【不動産を相続したら自分でも名義変更が可能】手続きの方法・必要書類・費用・税金を税理士が解説
不動産を相続した場合は、不動産の名義変更が必要です。
専門家に依頼すると費用がかかるため、自分で行えないのかと考える方も多いのではないでしょうか。
本記事では、自分で不動産の名義変更を行う方法を中心に、必要書類や手続きにかかる費用・税金を解説します。
また、専門家に依頼すべきケースも紹介しているので、現在の状況と照らし合わせて検討してみてください。
<この記事の監修者> 吉本 貴幸(よしもと たかゆき) 税理士法人吉本事務所 代表社員 税理士・行政書士 大学卒業後、1998年に現在の税理士法人の前身である個人税理士事務所に入所。2021年10月より現職。法人、個人事業のクライアントや相続税、贈与税の申告に関わる一方、税理士法人関連会社の社会保険労務士事務所、行政書士事務所、保険代理店のマネージメントにも携わる。経営に関する総合的な知識のもと、税務申告のみならず、事業運営・起業・法人設立のアドバイスも得意とする。税理士法人関連7サイトの総編集長・監修者として、最新の税務情報発信に務めている。 |
不動産を相続したら自分でも名義変更が可能!
以下のようなケースでは、自分で不動産の名義変更を行えます。
・相続状況が複雑でない場合 ・遺言書が残されていた場合 |
名義変更の手続きを専門家に依頼すると別途費用がかかりますが、自分で手続きを行えば手続きそのものにかかる実費のみに抑えられます。

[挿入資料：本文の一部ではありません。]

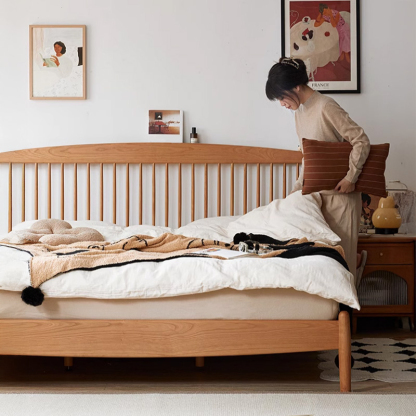 チェリー材 クラシックウィンザースタイルベッド | 優美な曲線美と上質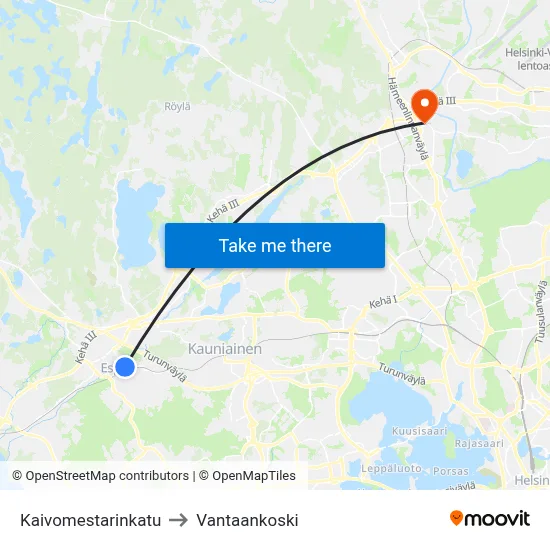 Well Master Street to Vantaankoski map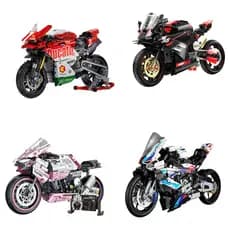 Blocos de Montar Moto BMW de Corrida - Modelo de Velocidade, Brinquedo para Crianças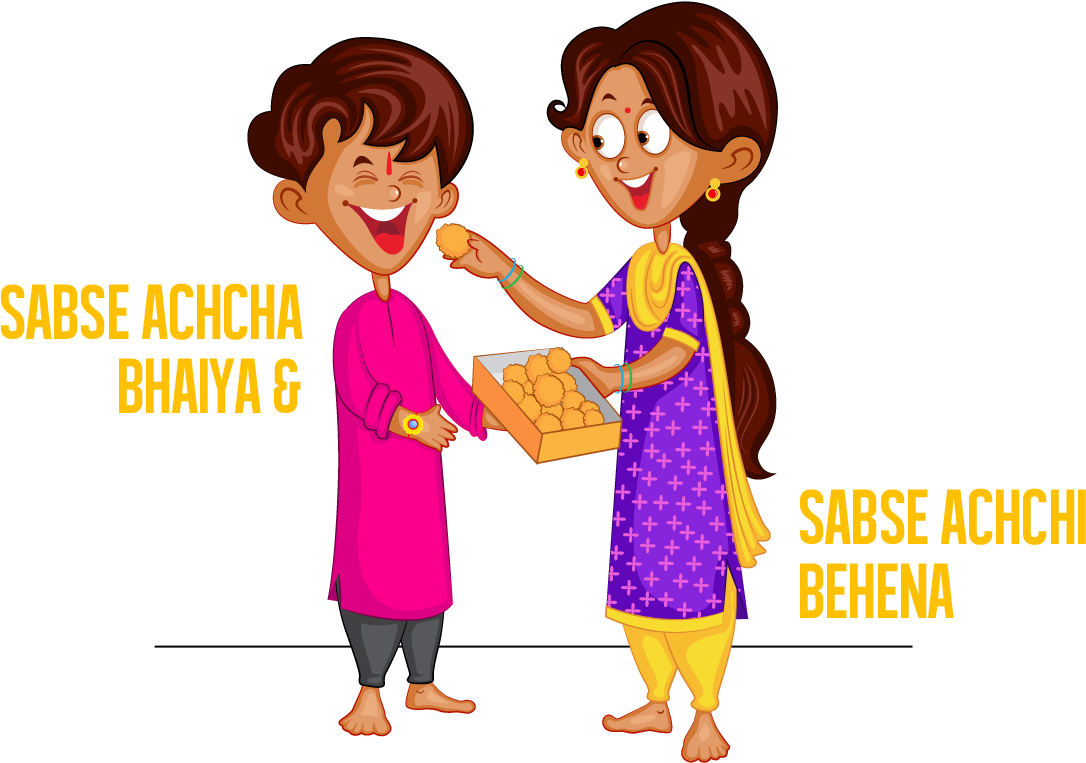 Raksha Bandhan Celebration Cartoon PNG Image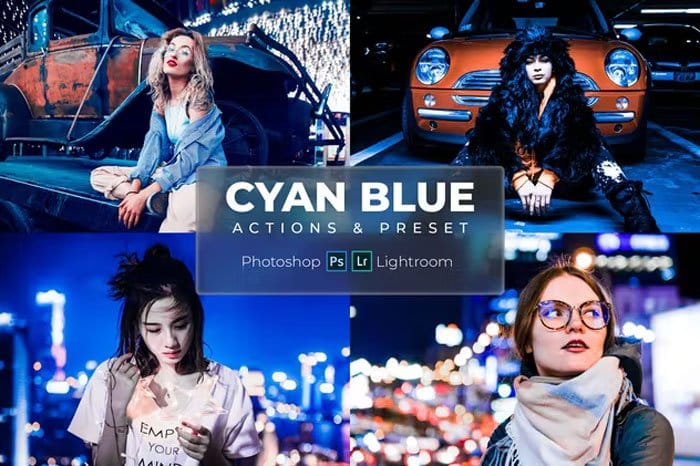 Photoshop Actions & Lightroom Presets - Cyan Blue Photoshop Actions Presets - Cyan Blue
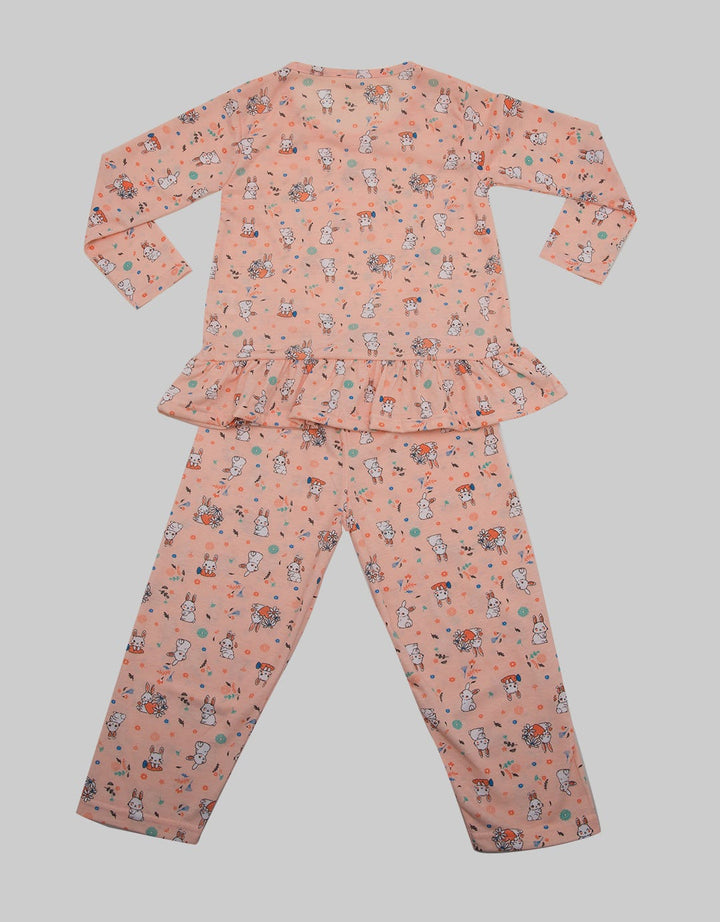 Kidz Too Long Sleevel Ruffle Fp Bunny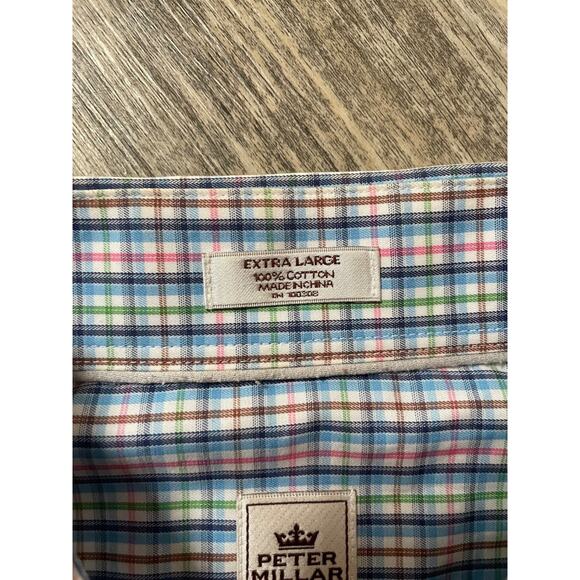 Peter Millar Summer Comfort XL Blue Pink Check Long Sleeve Button Up Shirt - Picture 4 of 8
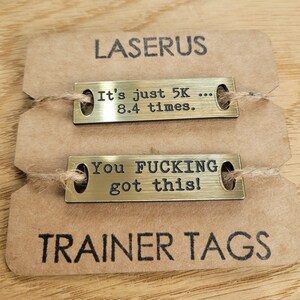 Trainer Tags - Couch to 5k - Marathon training - Gift for runner - Personalised metal shoe tags - London Marathon - Parkrun - Skyline Gold/black text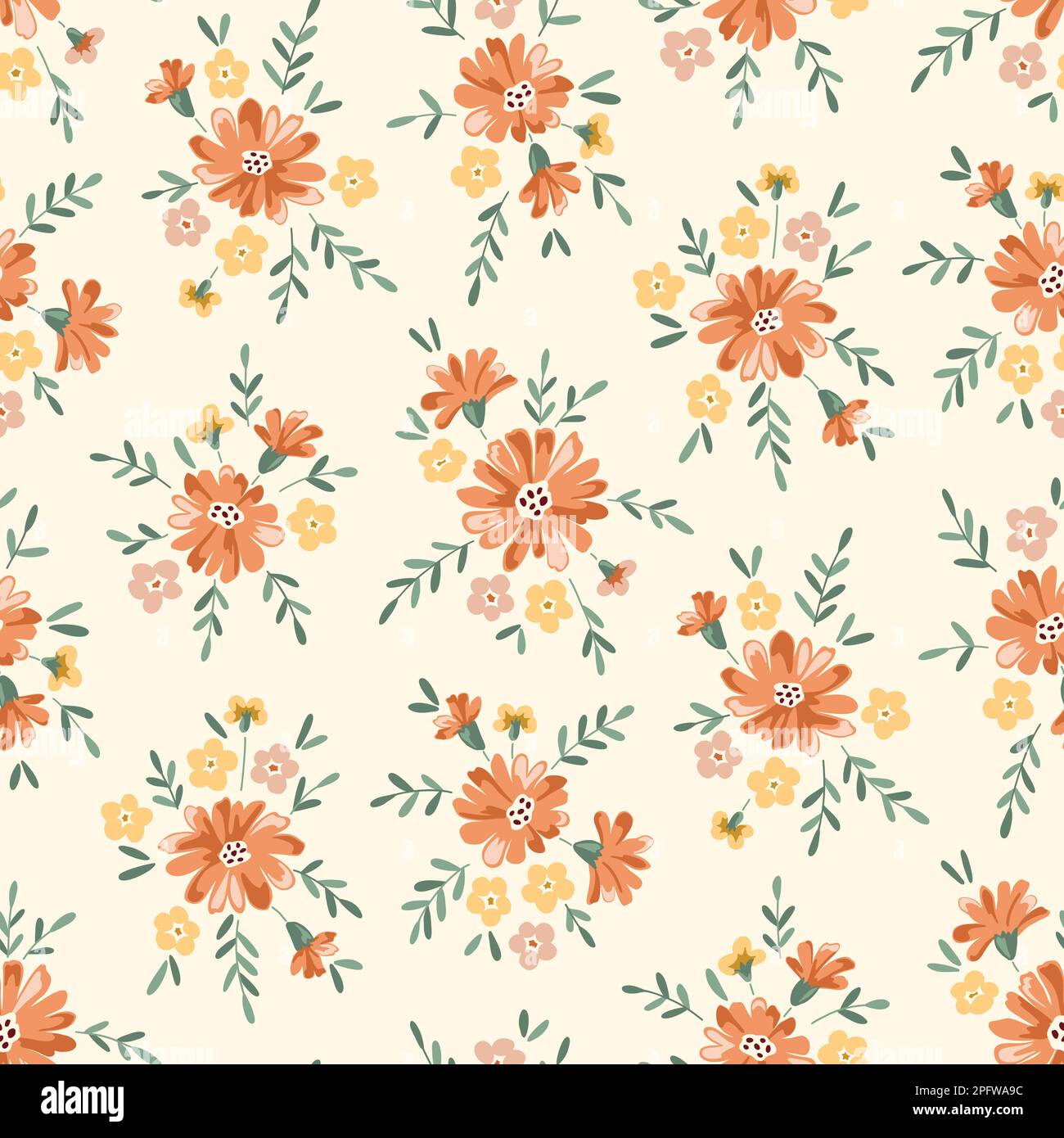 Delicate Chintz Romantic Meadow Wildflowers Vector Seamless Pattern Stock Vector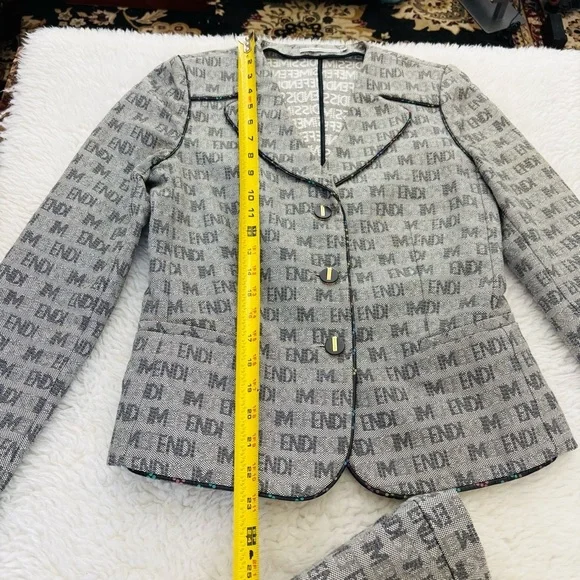 Fendi Gray Logo-Print Jacket and Matching Pants Set - Picture 5 of 16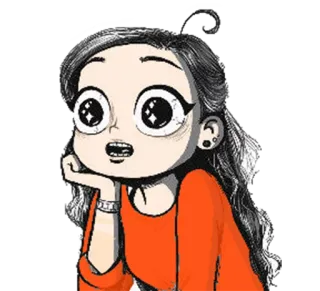 😍 femme, dessin animé, illustration, personnage, fille, personne telegram sticker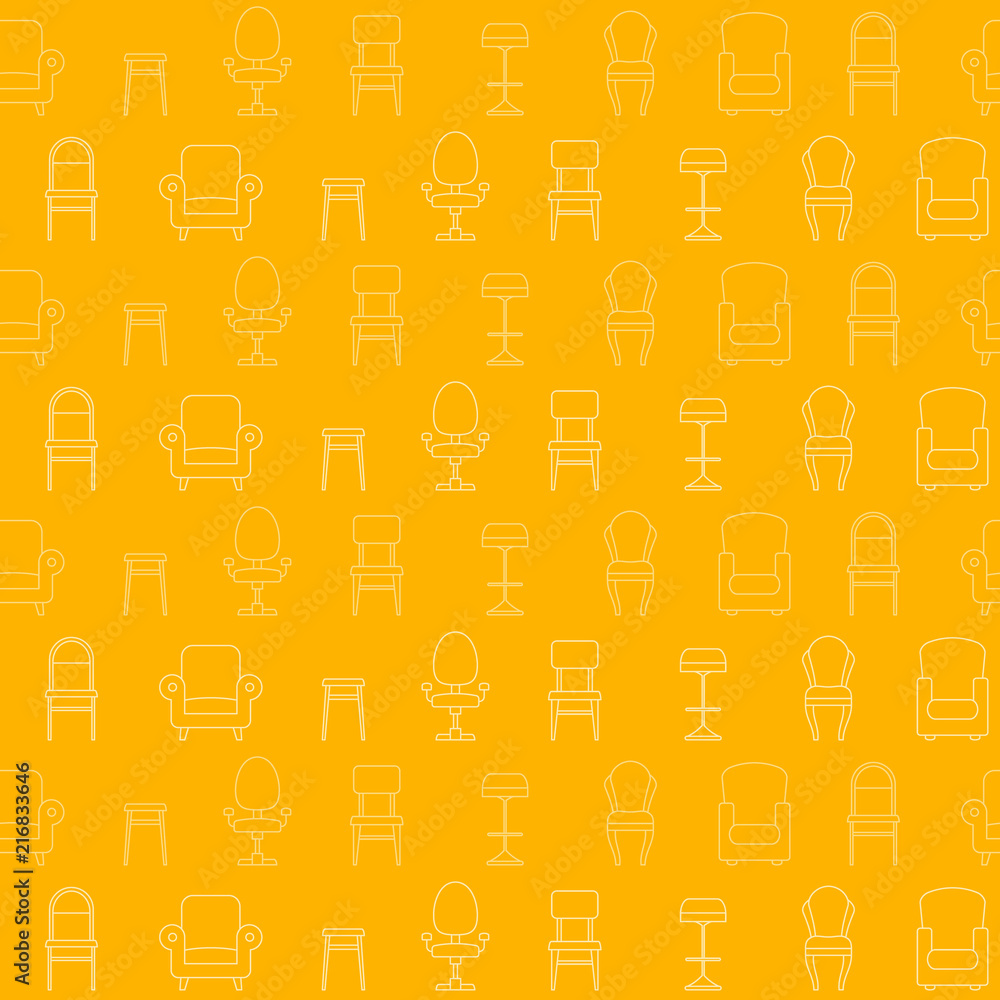 Seamless pattern with chair icons for your design Seamless pattern with chair icons for your design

とはいえ、手続きの負担を考慮すると以下のようなケースに該当する場合は、専門家に依頼するのがおすすめです。
・不動産の数が多い ・不動産が遠方にある ・他の相続人と疎遠 ・法務局へ相談したもののよくわからない ・遺言書が残されておらず相続人も多い ・急ぎで手続きを行う必要がある ・相続税がかかると予想される |
親名義の土地を相続した場合は、以下の記事を参考に手続きを進めましょう。
相続した不動産の名義変更って?
相続した不動産の名義変更とは、不動産の名義を亡くなった人(被相続人)から相続する人(相続人)に変更することで、相続登記とも呼ばれます。
不動産の所有者が亡くなると相続が発生し、被相続人から相続人に所有権が移りますが、自動的に名義が変更されることはないため、不動産を相続した際は手続きが必要です。
なお、現在(2023年12月)は義務ではないものの、2024年4月1日から手続きの義務化が始まります。
もし名義変更を行わなければ、10万円以下の過料が科される可能性もあるため、今後手続きの期限には十分に注意しましょう。
その他、名義変更を行わずに放置した場合のリスクは後ほど説明します。
「相続登記」と「名義変更」の違い
先述の通り、相続した不動産の名義変更を相続登記と呼び、相続した不動産の名義変更と相続登記は同じ手続きを指します。
なお、不動産の名義変更には相続だけでなく、売買、贈与、財産分与など広範囲の手続きが含まれますが、不動産の相続では相続登記でも名義変更でもどちらでも伝わるでしょう。
自分で不動産の名義変更を行う方法
ここからは、自分で不動産の名義変更を行う方法を順に説明します。
1.不動産の名義を確認する
まずは、登記事項証明書(不動産の情報が記載された証明書)で不動産の名義を確認します。
本来は親名義であるはずが、過去の相続で名義変更が行われていなかった場合は祖父母名義のまま引き継がれるケースも珍しくありません。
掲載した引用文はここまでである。